The interactions between DLC1 and CDK6 were detected and explored at the genetic level and confirmed at the transcriptional level. Interactions of relevant proteins at the translational level provide additional evidence supporting the interactions between DLC1 and CDK6 and imply a complex regulatory relationship among them. In particular, one SNP pair, rs561681 (DLC1) and rs3731343 (CDK6), was identified to have a synergistic effect on breast cancer patient survival, as verified in two independent cohorts, and these SNPs were each associated with the expression of the corresponding gene. The interaction between the nonmutant forms of the two SNPs is protective. The DLC1 SNP (rs561681) fits a recessive model, complying with the tumor suppressive role of DLC1. Tumors that are rare homozygous for the DLC1 SNP (rs561681) exhibit lower gene expression and more frequent copy number loss of DLC1. Significant survival differences were observed on DLC1 expression as stratified by that of CDK6, with more favorable prognosis for patients without CDK6 overexpression and high DLC1 level. In addition, the protein that directly binds to DLC1 (i.e., caveolin 1) was shown to have significant interactive effects with those related to CDK6 (i.e., cyclin D1 and CDKN1B), further suggesting the interactions observed between the genes of interest.

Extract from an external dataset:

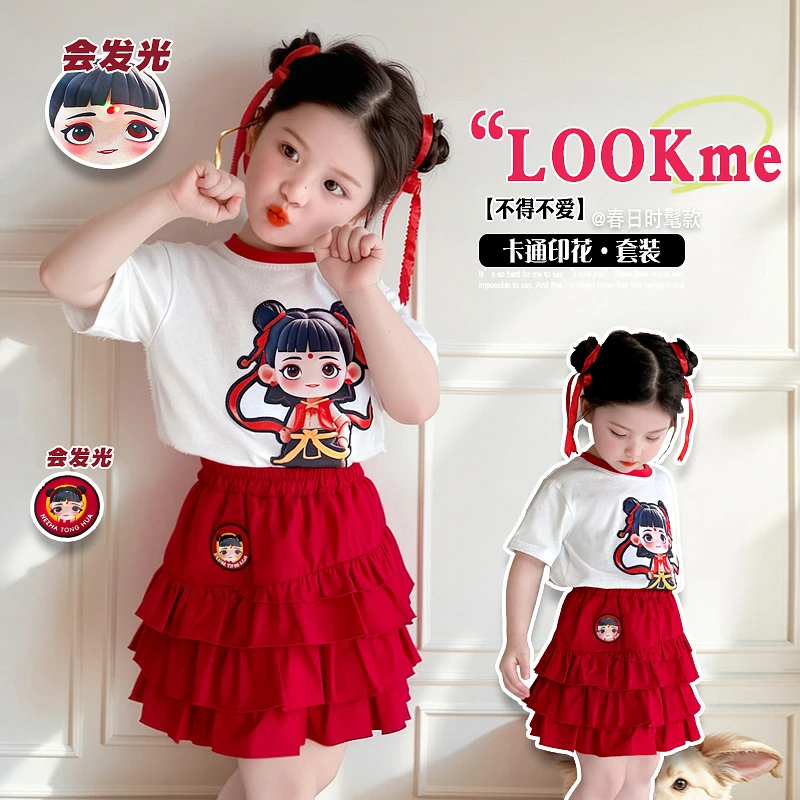 纯棉哪吒童装蛋糕裙套装2025新款夏季女童套装网红裙子亮灯两件套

The interaction between the proteins DLC1 and CDK6 was shown to have a dominant-negative effect, as suggested by the significant risky effect of aA:bb and protective effect of aA:BB of the identified SNP pair. Several related proteins show distinct patterns for tumors having the aA:bb genotype combination. This evidence suggests that the DLC1 heterodimers (gene product of aA) adversely affect the wild-type homodimers (products of AA), resulting in a poorer prognosis than the mutant homodimers (the product of aa). In other words, DLC1 expression is the lowest in rare homozygous patients (aa), and that of functional DLC1 is the lowest in patients harboring aA:bb among all the genotype combinations.

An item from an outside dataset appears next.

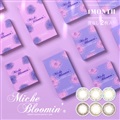 Miche Bloomin Monthly ミッシュブルーミン マンスリー  １箱１枚入り １ヶ月使用 1month カラコン 度あり <br>【ネコポス便・送料無料】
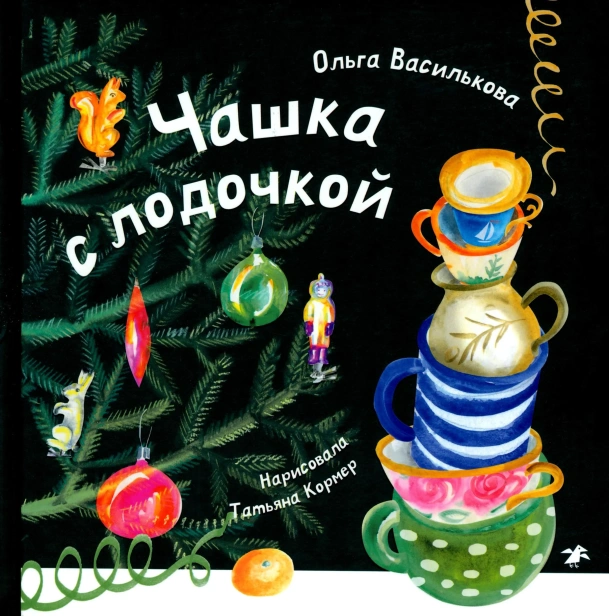 Чашка с лодочкой - primesbooks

In this study, we have linked the germline genetic polymorphisms and their synergistic effect with breast cancer progression, which provides the basis for experimentally elucidating the mechanisms involved in differential progression. The findings are particularly useful in investigating inherited susceptibility and their cooperative roles in tumor progression, with the ultimate goal of tailoring clinical treatments for breast cancer patients based on their genetic susceptibility.